Quantification of the physiochemical constraints on the export of spider silk proteins by Salmonella type III secretion

The type III secretion system (T3SS) is a molecular machine in gram negative bacteria that exports proteins through both membranes to the extracellular environment. It has been previously demonstrated that the T3SS encoded in Salmonella Pathogenicity Island 1 (SPI-1) can be harnessed to export recombinant proteins. Here, we demonstrate the secretion of a variety of unfolded spider silk proteins and use these data to quantify the constraints of this system with respect to the export of recombinant protein.

We show that the natural system encoded in SPI-1 only produces high titers of secreted protein for 4-8 hours when the natural psicA promoter is used to drive expression. Secretion efficiency can be high, but declines for charged or large sequences. A quantitative characterization of these constraints will facilitate the effective use and engineering of this system.

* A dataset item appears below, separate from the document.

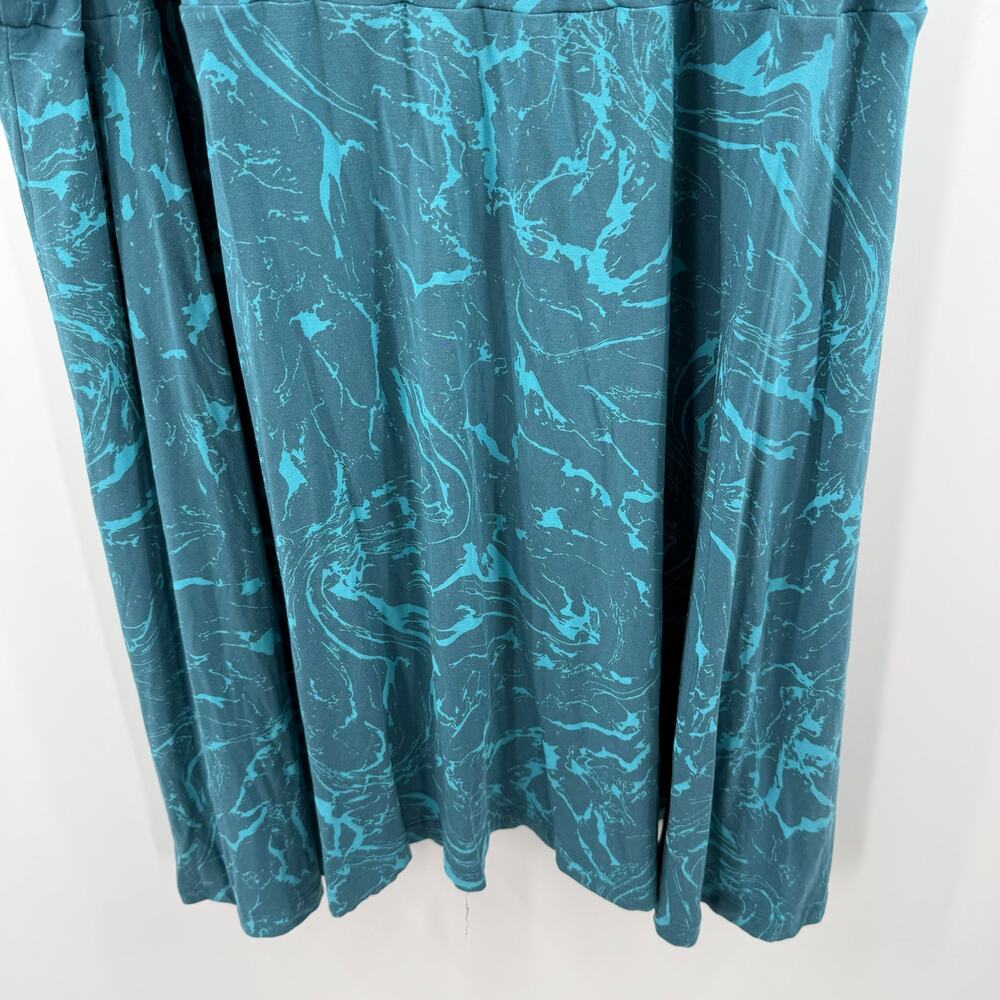 Athleta Dress Womens Size 3X Santorini Patterened Sleeveless Teal Marble Stretch - Picture 7 of 12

To test how the timing and level of protein expression affects secretion, we designed a hybrid promoter that combines an IPTG-inducible system with a natural genetic circuit that controls effector expression in Salmonella (psicA). LacO operators are placed in various locations in the psicA promoter and the optimal induction occurs when a single operator is placed at the +5nt (234-fold) and a lower basal level of expression is achieved when a second operator is placed at -63nt to take advantage of DNA looping. Using this tool, we find that the secretion efficiency (protein secreted divided by total expressed) is constant as a function of total expressed. We also demonstrate that the secretion flux peaks at 8 hours. We then use whole gene DNA synthesis to construct codon optimized spider silk genes for full-length (3129 amino acids) Latrodectus hesperus dragline silk, Bombyx mori cocoon silk, and Nephila clavipes flagelliform silk and PCR is used to create eight truncations of these genes. These proteins are all unfolded polypeptides and they encompass a variety of length, charge, and amino acid compositions. We find those proteins fewer than 550 amino acids reliably secrete and the probability declines significantly after ~700 amino acids. There also is a charge optimum at -2.4, and secretion efficiency declines for very positively or negatively charged proteins. There is no significant correlation with hydrophobicity. Conclusions: We show that the natural system encoded in SPI-1 only produces high titers of secreted protein for 4-8 hours when the natural psicA promoter is used to drive expression. Secretion efficiency can be high, but declines for charged or large sequences. A quantitative characterization of these constraints will facilitate the effective use and engineering of this system.